# DATA UNDER STUDY:
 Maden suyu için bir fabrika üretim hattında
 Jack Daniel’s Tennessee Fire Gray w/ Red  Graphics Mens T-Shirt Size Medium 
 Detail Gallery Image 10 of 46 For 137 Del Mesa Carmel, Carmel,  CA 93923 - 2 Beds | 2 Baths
...
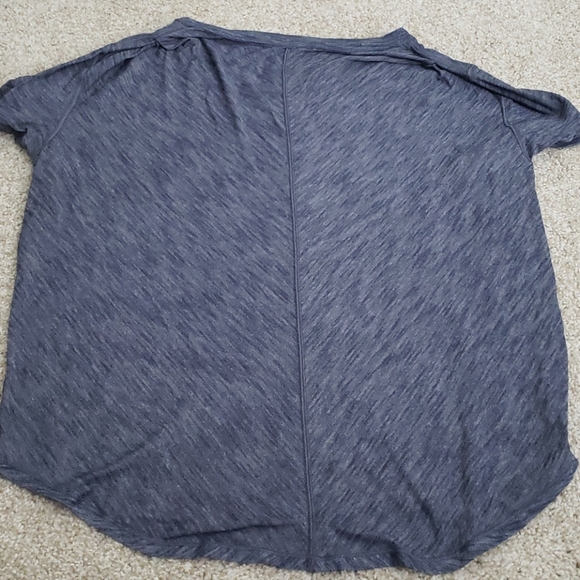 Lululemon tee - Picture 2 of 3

# INSTRUCTIONS TO FOLLOW:
Above are the records. Copy the lines beginning at the one that has "Maden suyu için bir fabrika üretim hattında" and ending with the one that has "Detail Gallery Image", unchanged.

# RESULT BELOW:
 Maden suyu için bir fabrika üretim hattında
 Jack Daniel’s Tennessee Fire Gray w/ Red  Graphics Mens T-Shirt Size Medium 
 Detail Gallery Image 10 of 46 For 137 Del Mesa Carmel, Carmel,  CA 93923 - 2 Beds | 2 Baths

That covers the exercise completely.